Task directions:
Write out exactly the lines from the one that contains "F38B3802 Quick Release" down to the last line of the material below, keeping both ends and omitting pictures.
#### Dataset extract ####
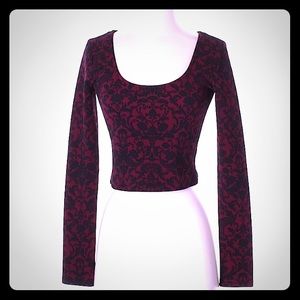 Forever21 long sleeve crop top size small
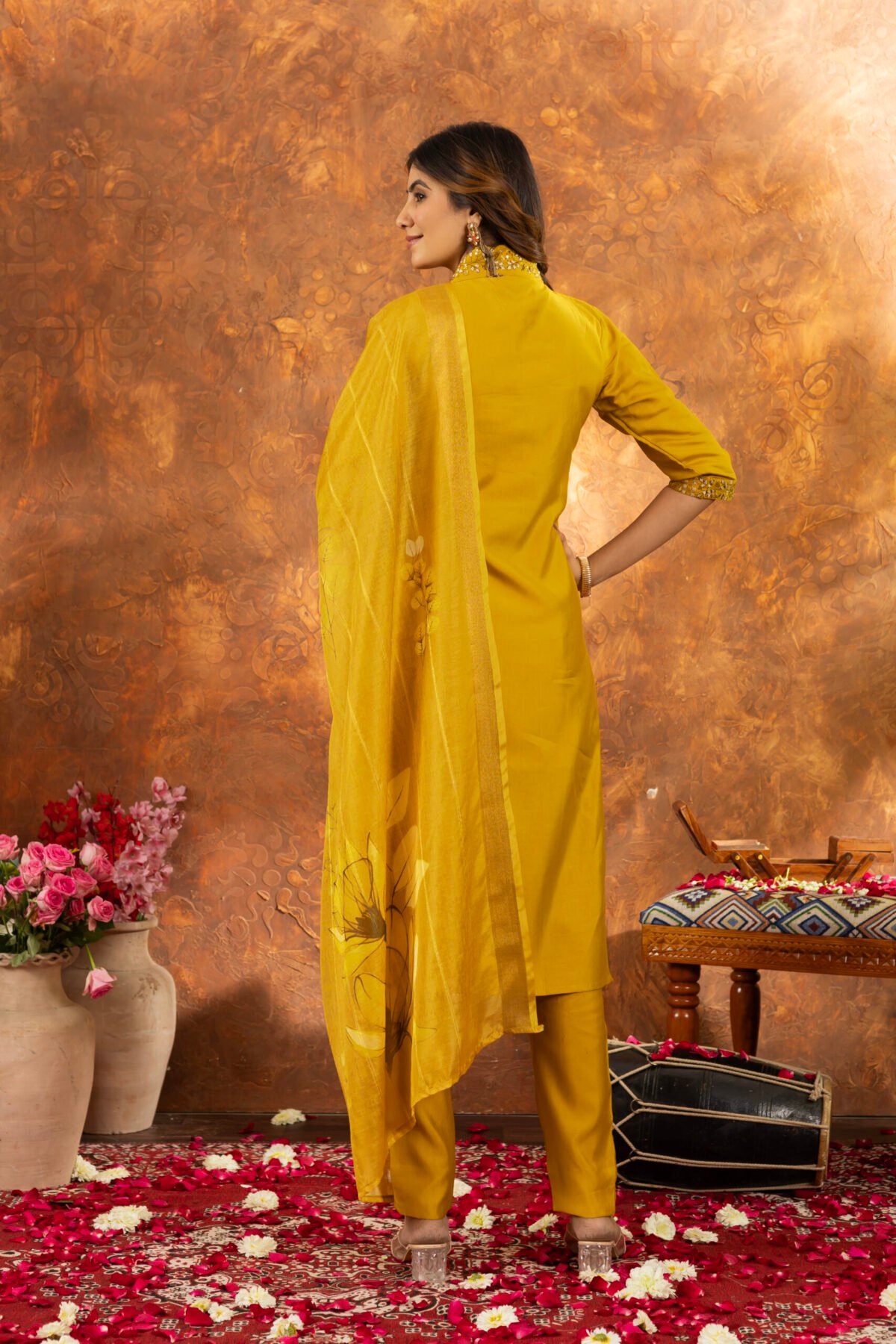 Women's Mustard Roman Silk Floral Kurta Set - Image 6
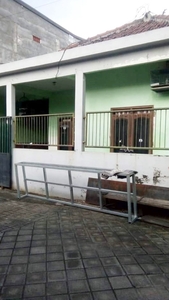 Dijual Rumah di Ketintang Timur PTT Surabaya Selatan, bisa buat r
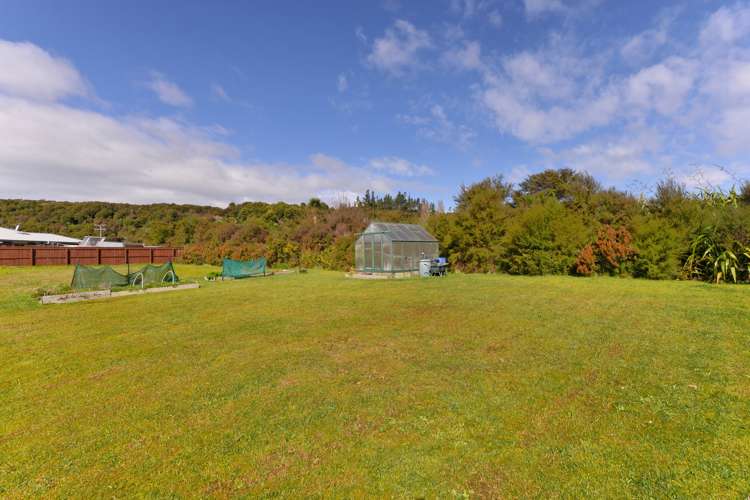 5 Ruataniwha Drive Collingwood_20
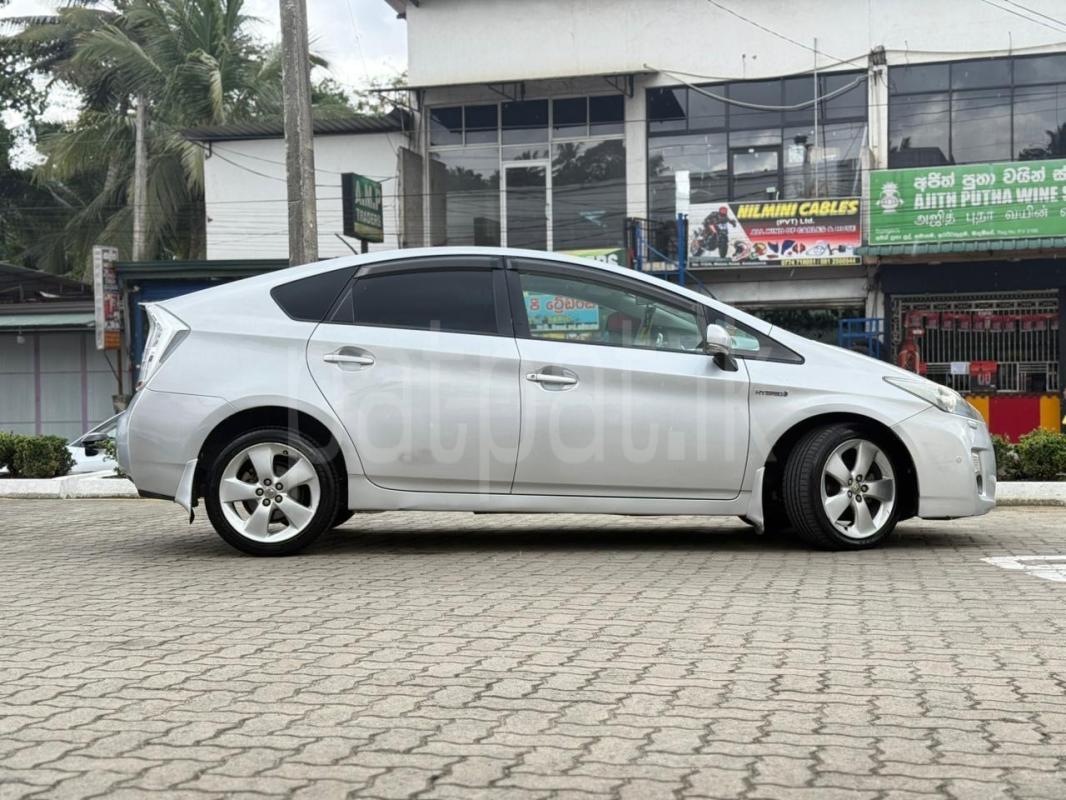 Advertisement image 6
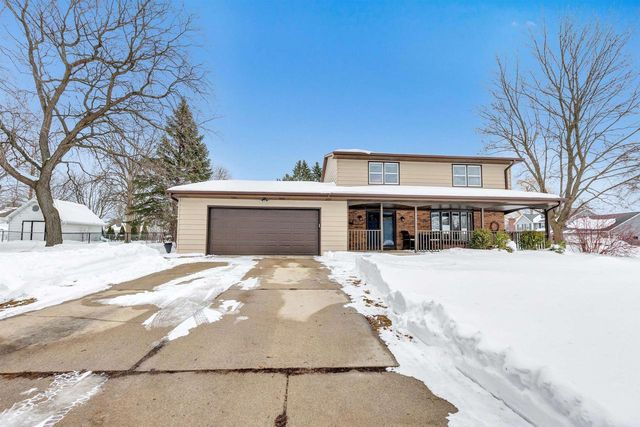 253 SCOUT WAY, De Pere, WI 54115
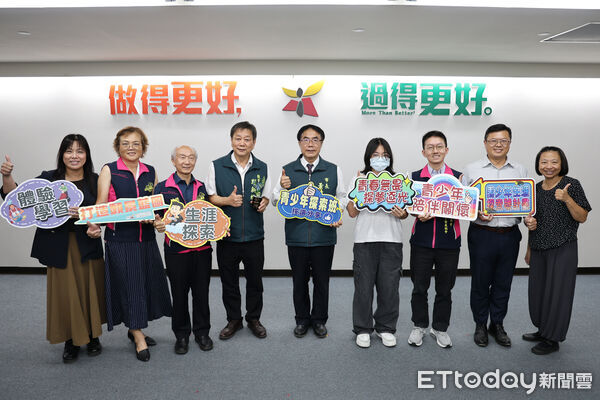 ▲台南市「青少年生涯探索號計畫」獲評115年度績優縣市，教育局於市政會議獻獎，市長黃偉哲肯定團隊輔導成果。（記者林東良翻攝，下同）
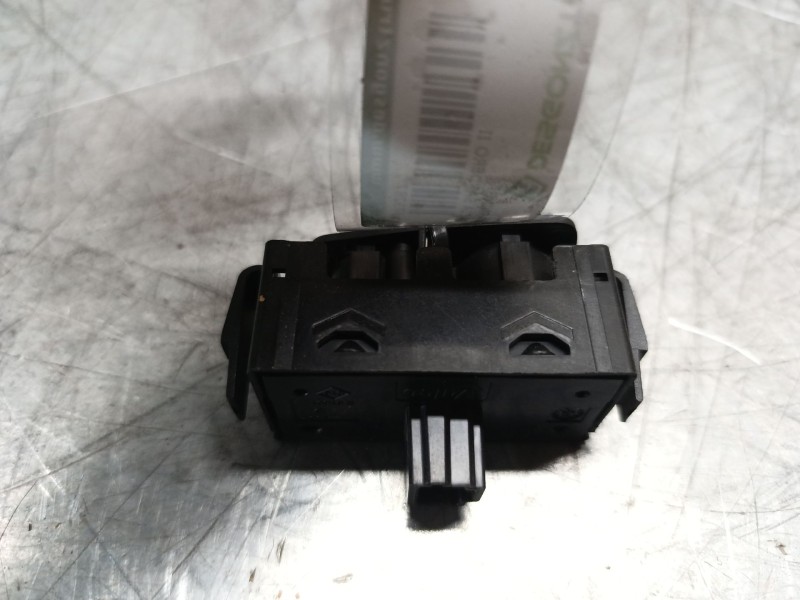 Recambio de warning para dacia sandero ii 1.2 referencia OEM IAM  6 PINS 
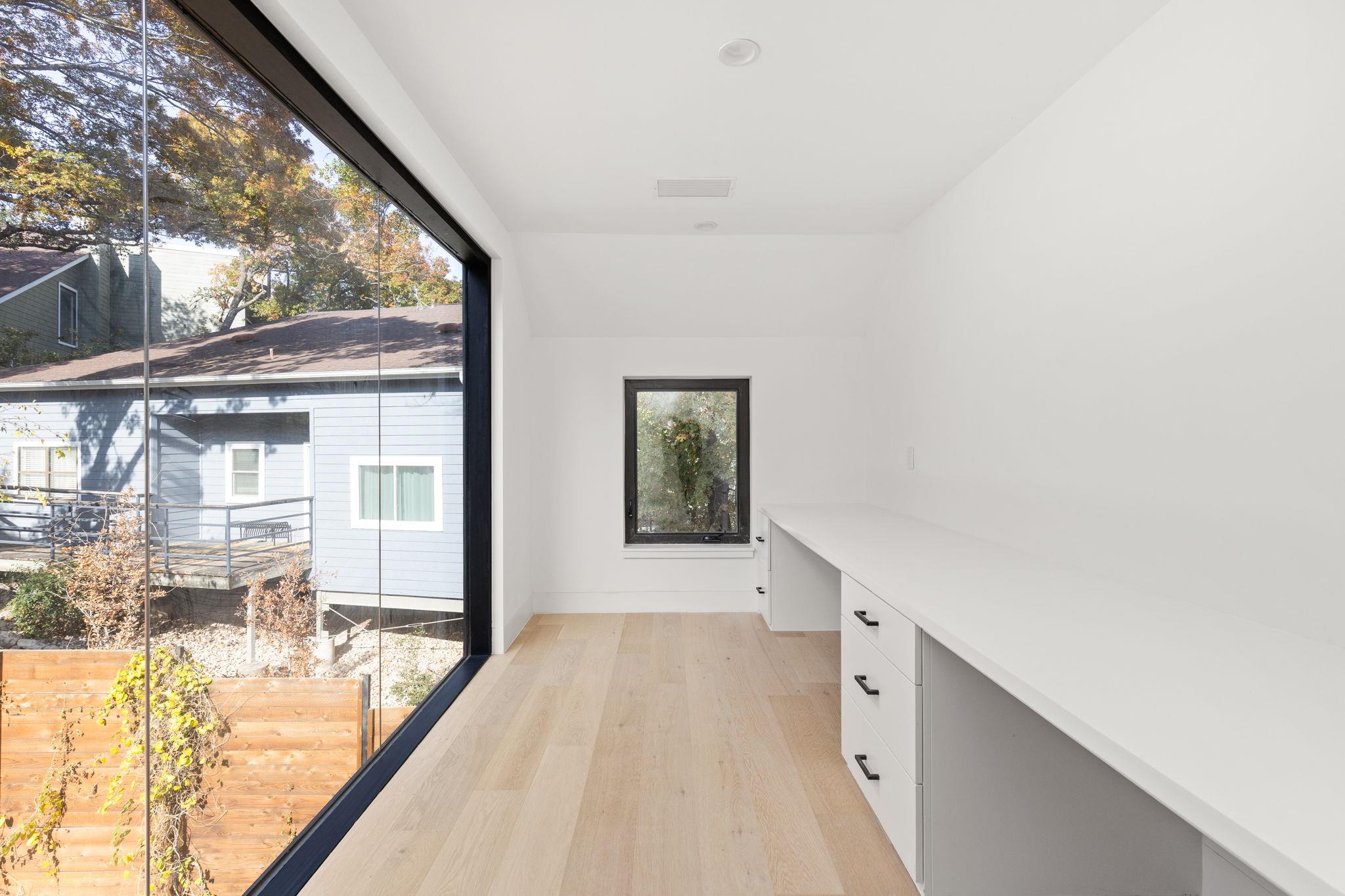 1603 Chelsea Ln # 3, Austin, TX 78704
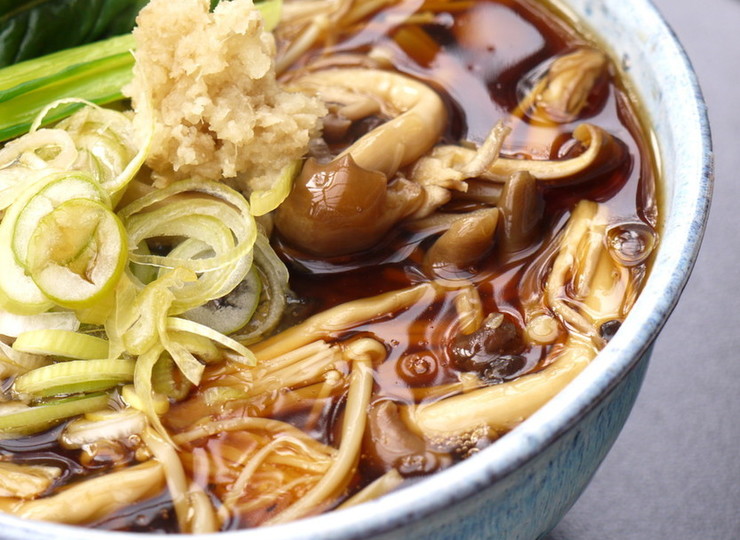 温まる 熱々あんかけきのこ蕎麦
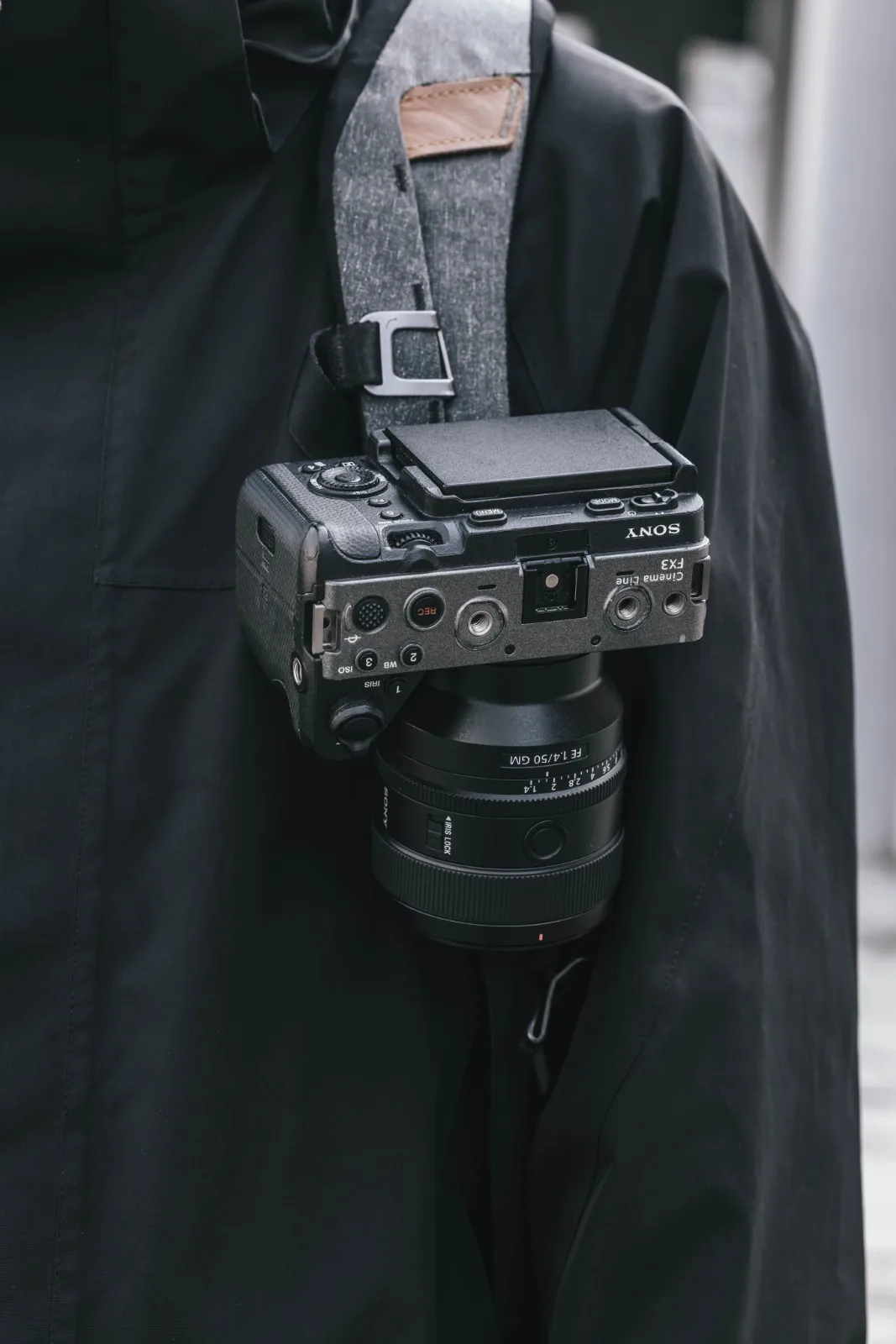 F38B3802 Quick Release Plate Kit for Backpack Straps V2,MAX. Payload 30kg Tripod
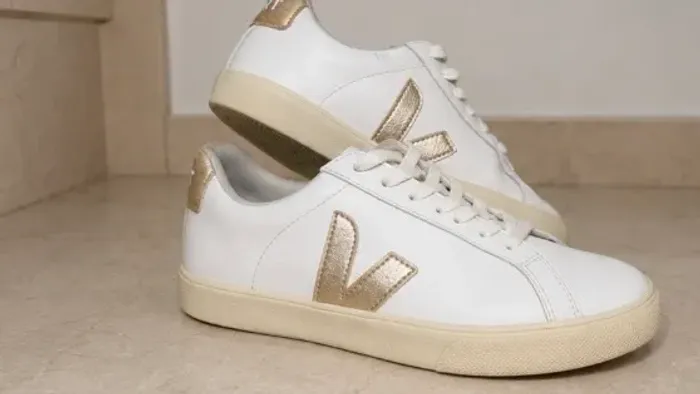Tênis VERT branco e dourado
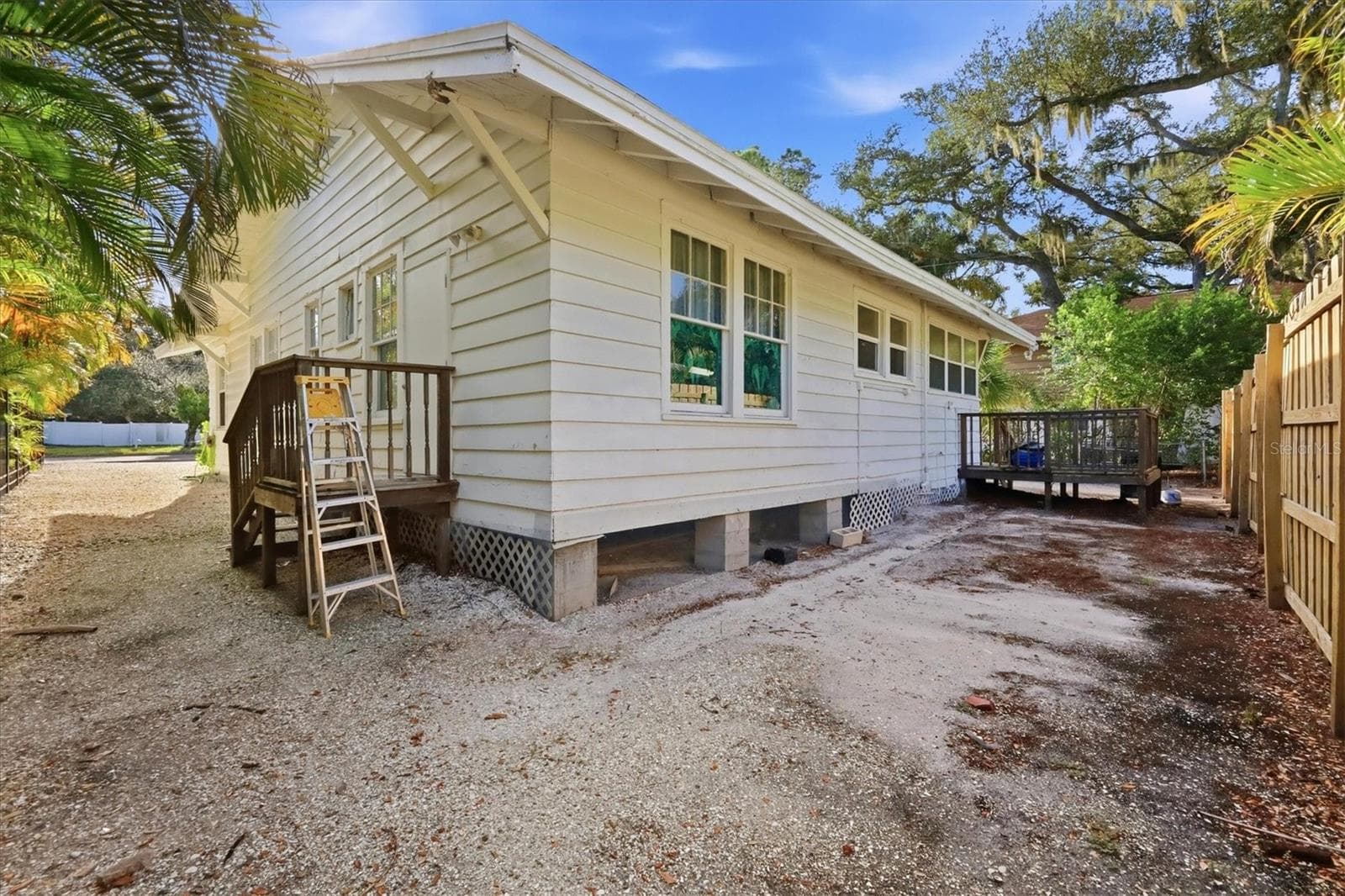 Single Family Residence at 4116 SWIFT RD, SARASOTA, photo 30 of 47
####
Solution for this exercise:
 F38B3802 Quick Release Plate Kit for Backpack Straps V2,MAX. Payload 30kg Tripod
Tênis VERT branco e dourado
 Single Family Residence at 4116 SWIFT RD, SARASOTA, photo 30 of 47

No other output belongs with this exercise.